Het Filmfestival van Venetië is het oudste filmfestival dat bestaat. Het begon in 1932 als onderdeel van de wereldberoemde Biënnale van Venetië. In de eerste jaren van het festival kwamen alle grote sterren langs: Garbo, Gable, Crawford, etcetera, etcetera. Het publiek kwam massaal af op de sterren, en al snel werd het festival jaarlijks gehouden, in tegenstelling tot de tweejaarlijkse kunstmanifestatie.

Venetië was niet alleen het eerste filmfestival, het was ook het eerste festival dat prijzen uitreikte (de Gouden Leeuw), het eerste festival dat met een jury werkte, en het had natuurlijk dat prachtig decadente decor van de eeuwenoude lagunestad. Wat kon er misgaan?

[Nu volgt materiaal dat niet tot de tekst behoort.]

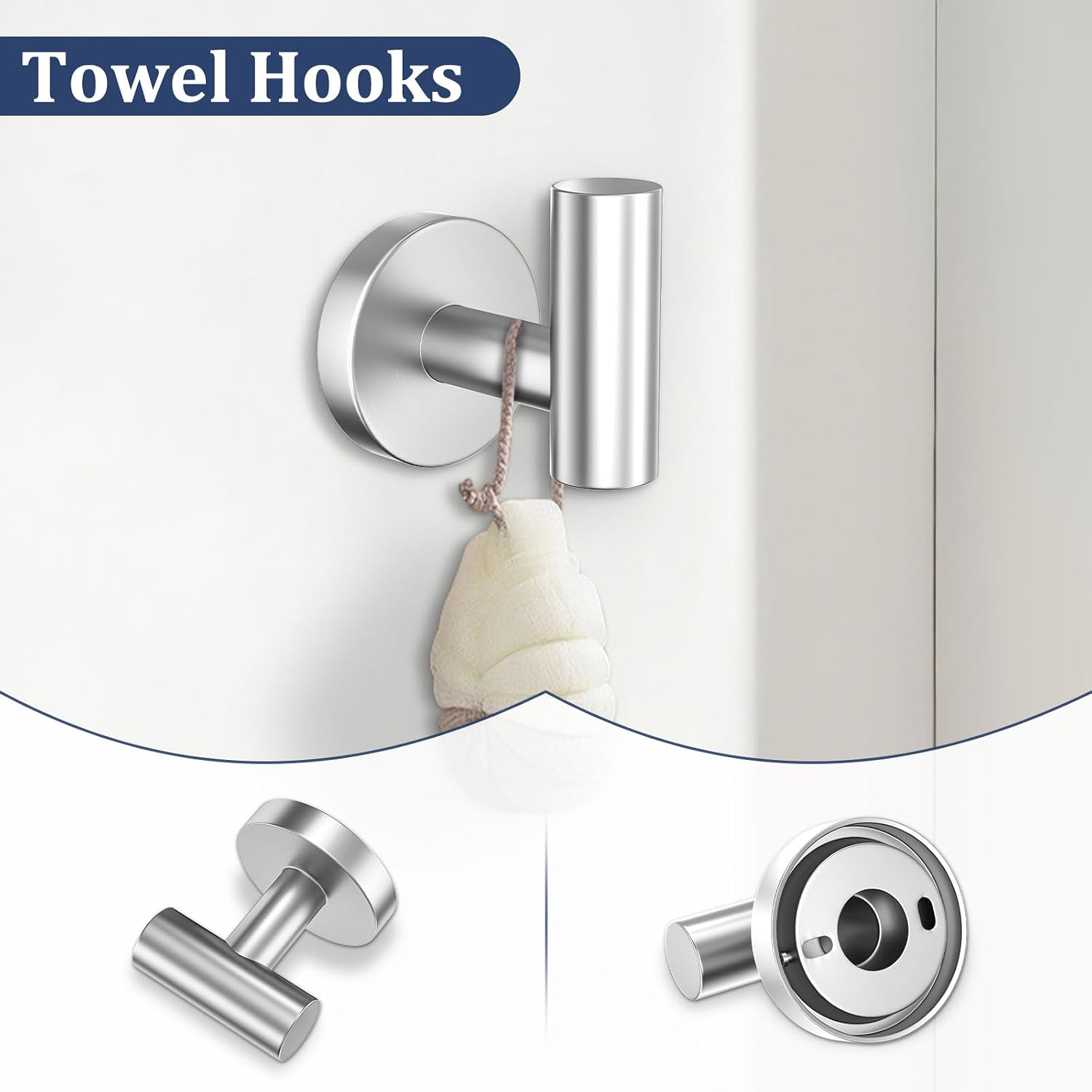 5 Pieces Bathroom Hardware Set Brushed Nickel Towel Bar Set Round Towel Holder Set Upgraded Paper Towel Holder with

Het begon met Mussolini, die tijdens WO II alleen nog maar propagandafilms liet draaien op het festival. Waarna – in reactie op het filmfeestje van de fascisten – het festival van Cannes werd opgericht, dat Venetië al snel naar de kroon stak.

Toronto

In de jaren zeventig deden de communisten het festival bijna de das om. Er mochten geen prijzen meer uitgereikt worden (te kapitalistisch). De aandacht nam spectaculair af en in 1973, 1977 en 1978 werd er niet eens een festival gehouden. De prijzen kwamen terug in 1980. En Venetië , dat nog kon teren op oude roem, was snel terug aan de top.

De volgende aanval op de status van het festival kwam vanuit de Nieuwe Wereld, uit Canada. Het festival van Toronto, dat overlapt met Venetië, trok steeds meer grote publieksfilms aan. Films die niet altijd hoge ogen gooiden bij het kritische, kunstminnende publiek van Venetië, maar wel hoge ogen gooiden bij de Oscars. Danny Boyle’s Slumdog Millionaire (acht Oscars), bijvoorbeeld, begon zijn internationale zegetocht in Toronto, net als The King’s Speech (vier Oscars). Venetië-directeur Marco Müller ging in de tegenaanval. Programmeerde ook grote Amerikaanse films. Hij koos kwantiteit boven kwaliteit, en liet op een gegeven moment 180 films in première gaan in de tien dagen van het festival. Müller verloor de strijd met Toronto genadeloos, en werd in 2011 vervangen door Alberto Barbera, die gelijk begon te snoeien. Hij ging van Müllers 180 naar de vijftig uit zijn speech. Kwaliteit boven kwantiteit.

Is Barbera de redding van het festival? We zullen zien. Dit jaar gaat VPRO Cinema voor het eerst na zeven jaar Toronto naar Venetië, om daar net als in Cannes dagelijkse festivalreports te maken. De line-up van de competitie dit jaar is in ieder geval veelbelovend.

Birdman
Het festival opent op woensdag 27 augustus met Birdman, de nieuwe film van Alejandro González Iñárritu (Babel, Biutiful). Over een uitgerangeerde acteur die ooit furore maakte als superheld Birdman en wanhopig werkt aan een comeback. Hoofdrollen voor Michael Keaton (perfect gecast als uitgerangeerde acteur), Ed Norton en Emma Stone.

En dan zijn er nog nieuwe films van onder meer Fatih Akin, Roy Andersson, Abel Ferrara, David Gordon Green en Joshua Oppenheimer (maker van de documentaire The Act of Killing , de beste film van 2013 volgens de redactie van Cinema.nl). Het moet raar lopen willen al die films niet één goede reden opleveren om te zeggen dat het Filmfestival van Venetië dit jaar inderdaad een zinvolle, zelfs noodzakelijke ervaring is geweest.